A faithful copy of every record is needed here. Images must not appear in it.

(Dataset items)
==========
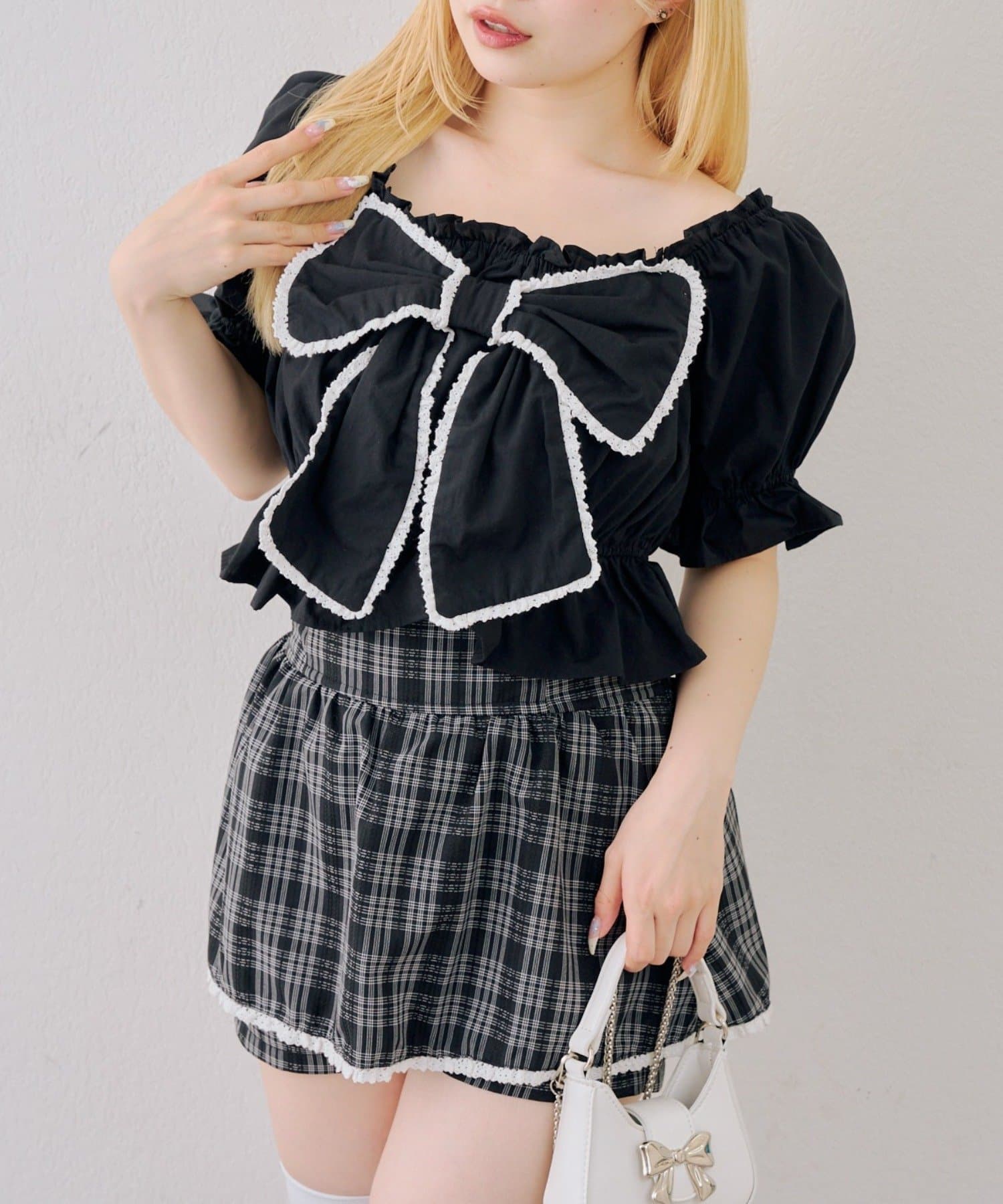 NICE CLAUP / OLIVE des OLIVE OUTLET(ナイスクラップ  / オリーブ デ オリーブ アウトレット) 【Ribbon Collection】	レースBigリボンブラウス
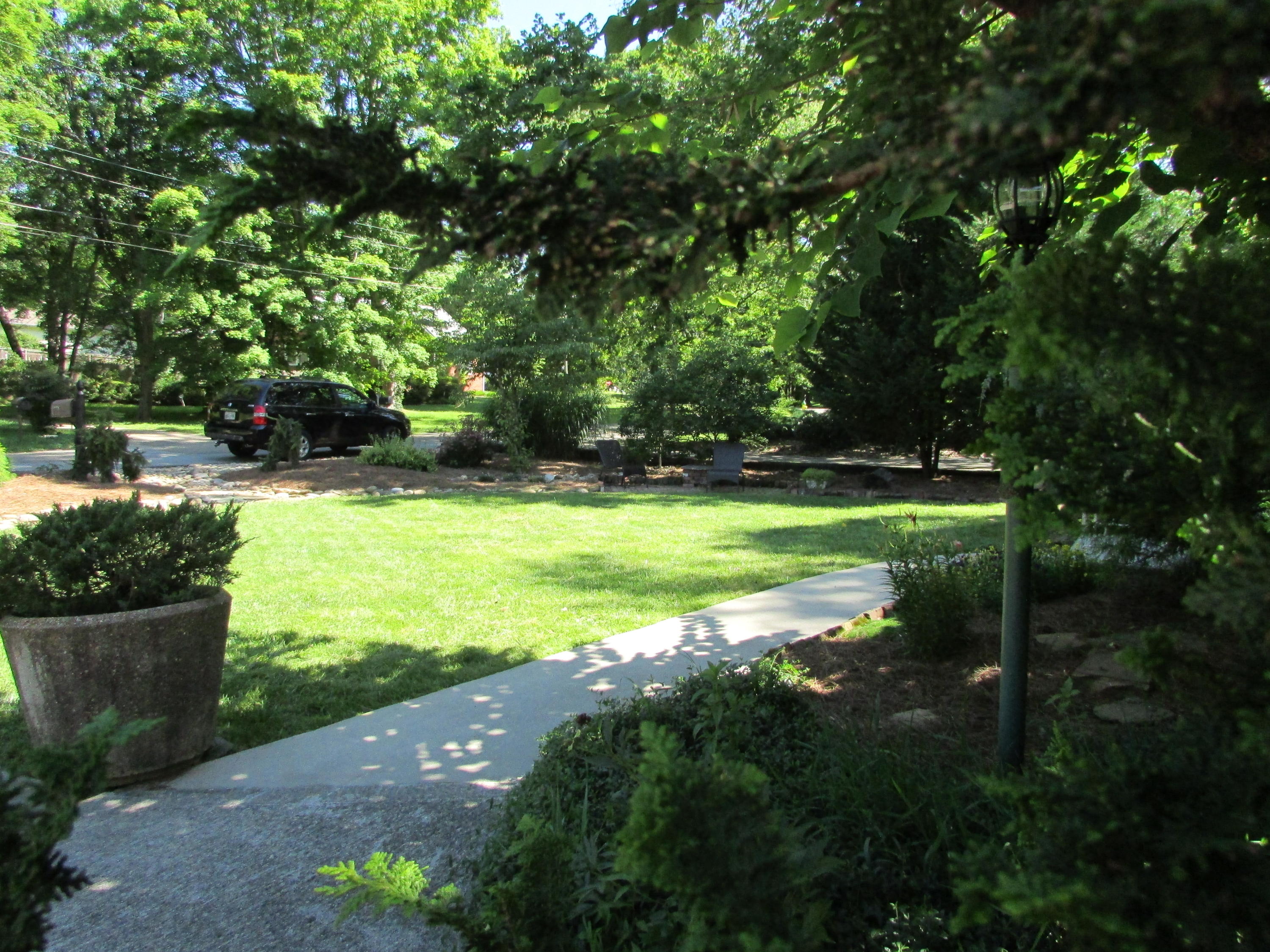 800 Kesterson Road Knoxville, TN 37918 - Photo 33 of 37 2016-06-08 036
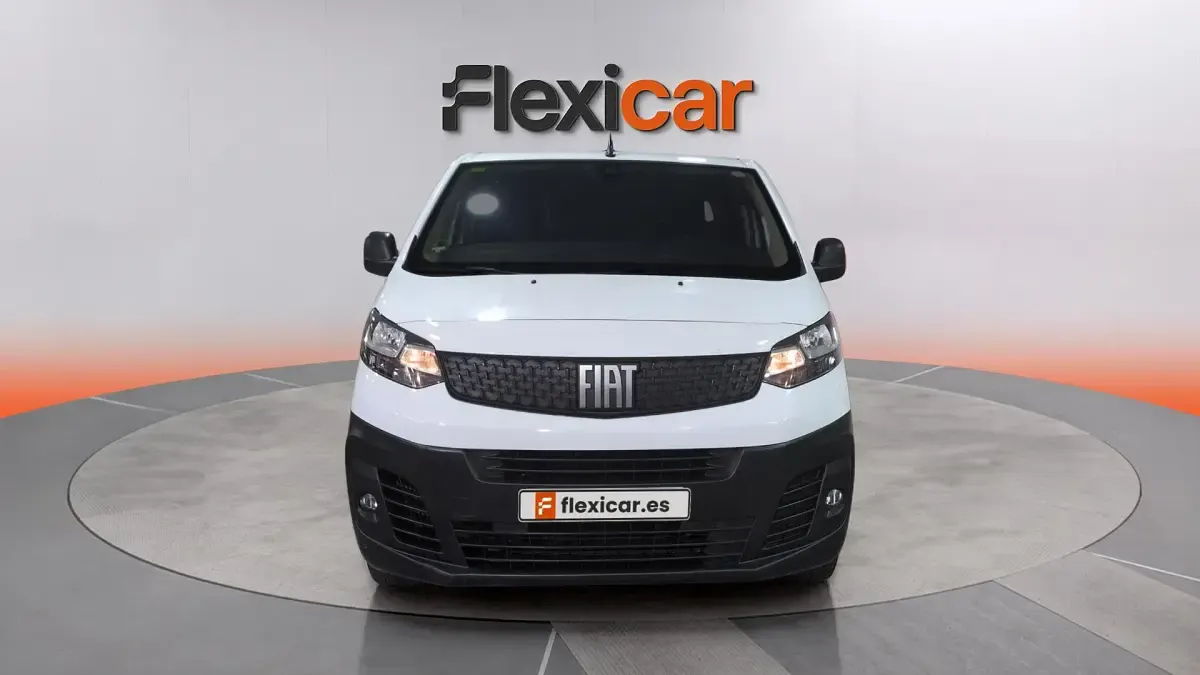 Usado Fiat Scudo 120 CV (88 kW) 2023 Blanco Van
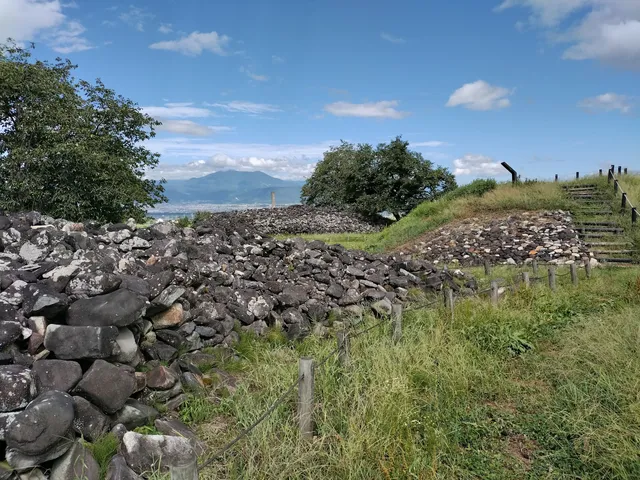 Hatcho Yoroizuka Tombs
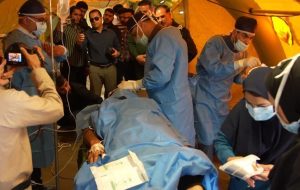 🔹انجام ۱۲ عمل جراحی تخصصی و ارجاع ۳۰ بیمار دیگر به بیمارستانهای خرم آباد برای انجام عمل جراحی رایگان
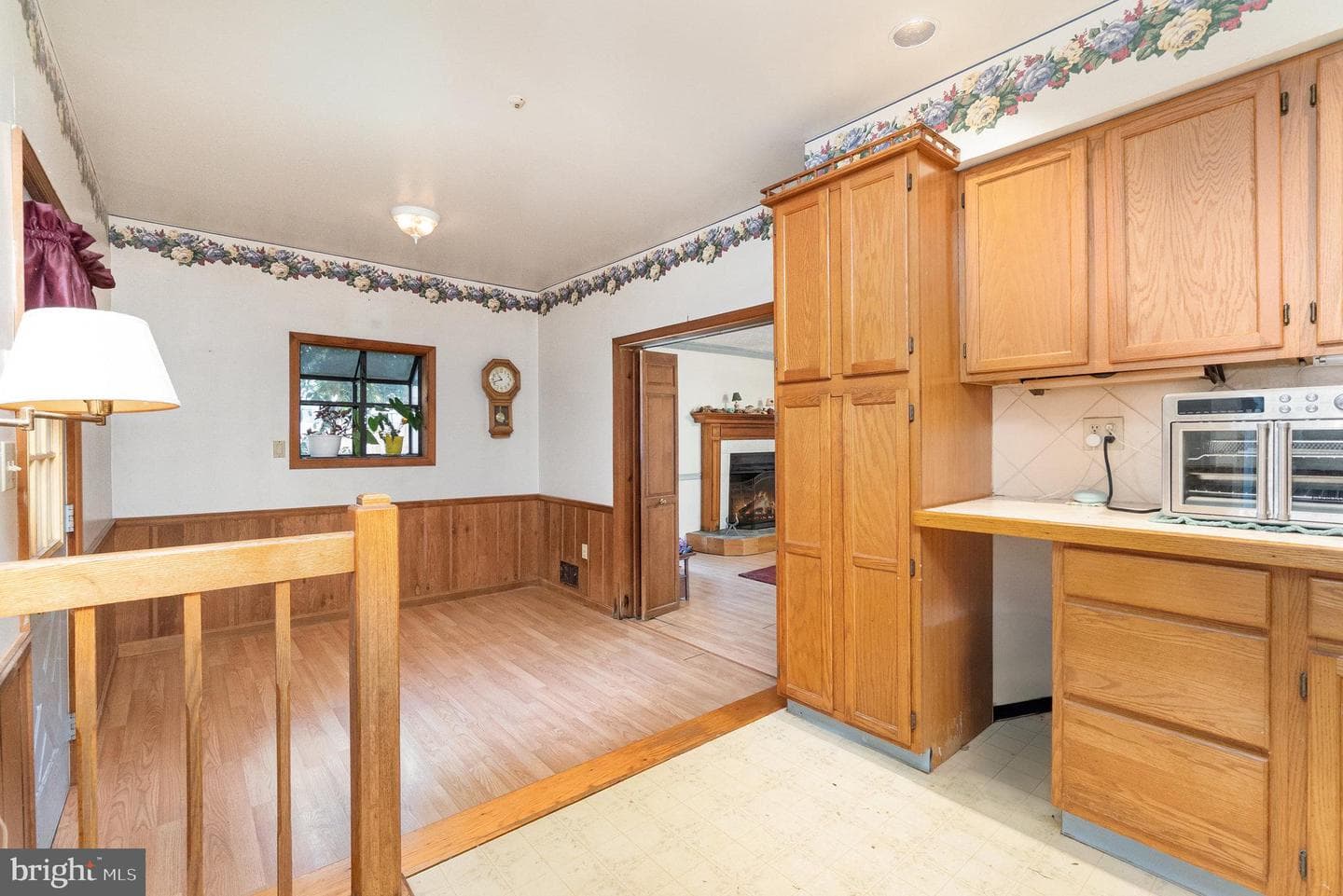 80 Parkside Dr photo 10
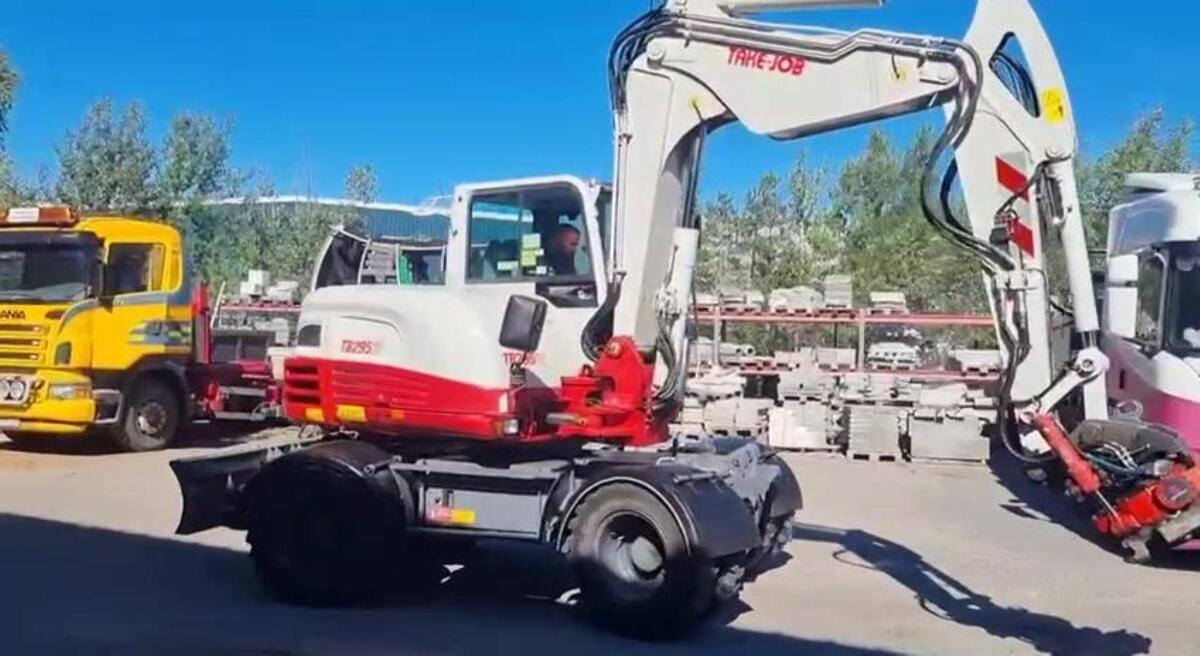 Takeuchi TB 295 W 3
==========
◆ **Solution to the exercise**
 NICE CLAUP / OLIVE des OLIVE OUTLET(ナイスクラップ  / オリーブ デ オリーブ アウトレット) 【Ribbon Collection】	レースBigリボンブラウス
 800 Kesterson Road Knoxville, TN 37918 - Photo 33 of 37 2016-06-08 036
 Usado Fiat Scudo 120 CV (88 kW) 2023 Blanco Van
 Hatcho Yoroizuka Tombs
 🔹انجام ۱۲ عمل جراحی تخصصی و ارجاع ۳۰ بیمار دیگر به بیمارستانهای خرم آباد برای انجام عمل جراحی رایگان
 80 Parkside Dr photo 10
 Takeuchi TB 295 W 3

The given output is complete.